Canadian policy makers are currently seized with the country’s lackluster productivity record. In an environment where economic growth, innovation, and higher business productivity are key strategic priorities, increasing costs and adding resource demands to an already safe and stable banking system is not optimal. The consultation paper quantifies benefits to various stakeholder groups but does not quantify the additional costs its proposals will impose on banks and their customers: ongoing higher premiums, as well as significant change in costs to operations, training, systems, advertising, information materials, and reporting.
Furthermore, by focusing on elements of the framework that are quantitative and legible – namely the coverage limit for various categories of bank customer, the review does not adequately address less tangible contemporary developments in technology and communications that will likely have a far more significant impact on bank runs in the years and decades ahead. The most notable aspect of the 2023 run on SVB was the unprecedented speed with which it occurred, enabled by instant communications, social media, and the ability to rapidly transfer funds with a few button presses on a mobile device. Viral panic and the speed of deposit flight are arguably more immediate concerns in an age of content algorithms, ubiquitous smartphones, generative/agentic AI, open banking, online banking apps, and instantaneous bank transfers.
The CBA believes that Finance, OSFI and CDIC should put more focus on developing tools and response plans to contain exponential spread of information or misinformation and manage rapid deposit flight. Both Finance and industry would benefit from focused consultation, scenario analysis, and creative problem‑solving on these pressing developments.

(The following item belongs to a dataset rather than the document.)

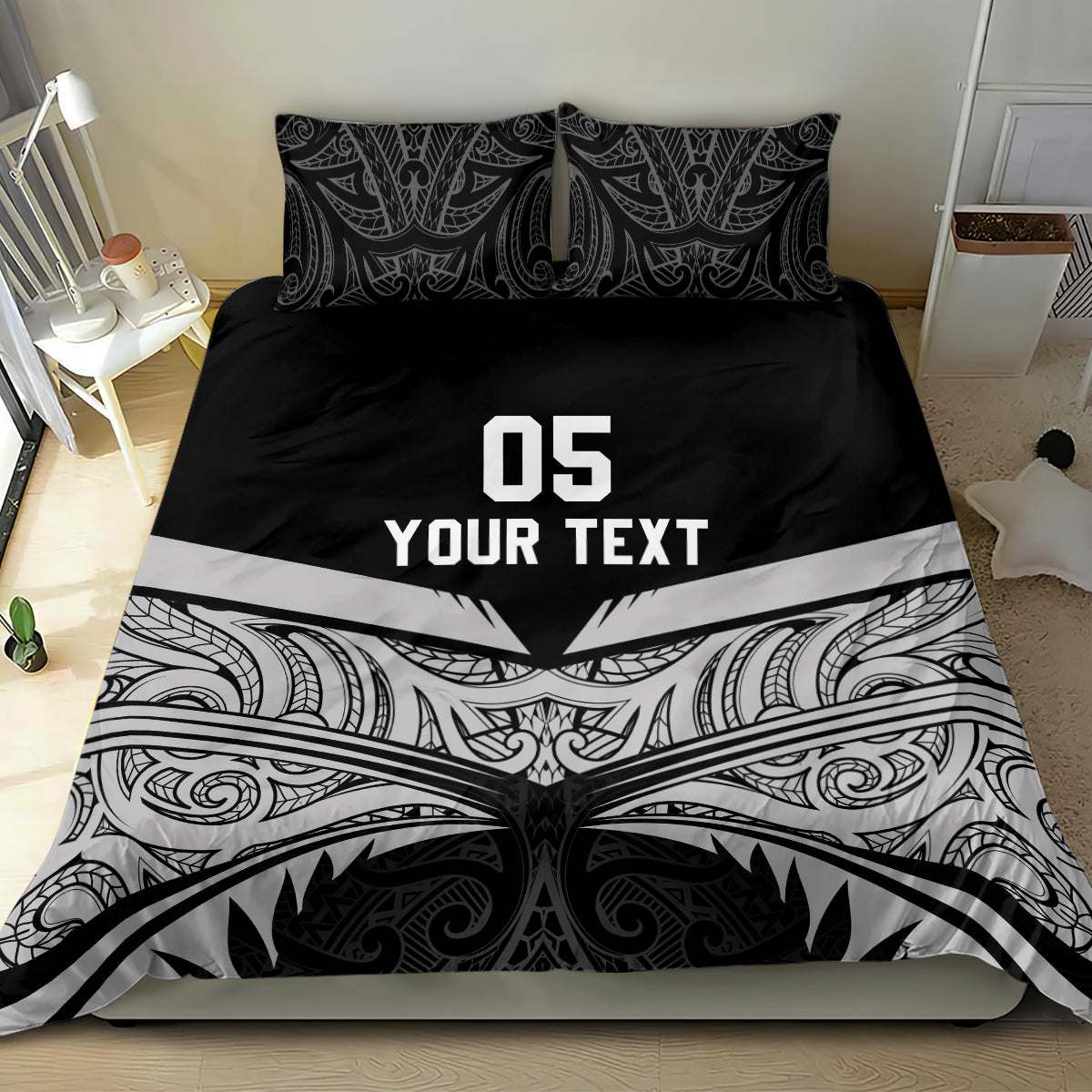 Custom New Zealand Cricket Bedding Set Go Champions World Cup 2024 With Maori Pattern LT05 - Polynesian Pride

The CBA believes that Finance, OSFI and CDIC should put more focus on developing tools and response plans to contain exponential spread of information or misinformation and manage rapid deposit flight. Both Finance and industry would benefit from focused consultation, scenario analysis, and creative problem-solving on these pressing developments.
Implementation costs
Changes to the deposit insurance framework will involve significant implementation costs. At least 24 months should be allotted to implementation, depending on the extent of changes adopted. Areas affected include training and communications, forms and websites, operations, technology, data classification and governance, reporting, and consumer education.

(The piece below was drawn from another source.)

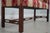 Chippendale Style Cherry Damask Upholstered Window Bench For Sale - Image 9 of 12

Finance should consider a holistic cost-benefit analysis to determine the cumulative impact of the proposals before proceeding. Ideally, each proposal ought to demonstrate a significant net benefit – both to Canada’s economy, financial stability and bank customers – before it is pursued.
- What are your views on the department considering increasing the deposit insurance limit to $150,000 per category? Should there be a mechanism for periodic revisions to the limit?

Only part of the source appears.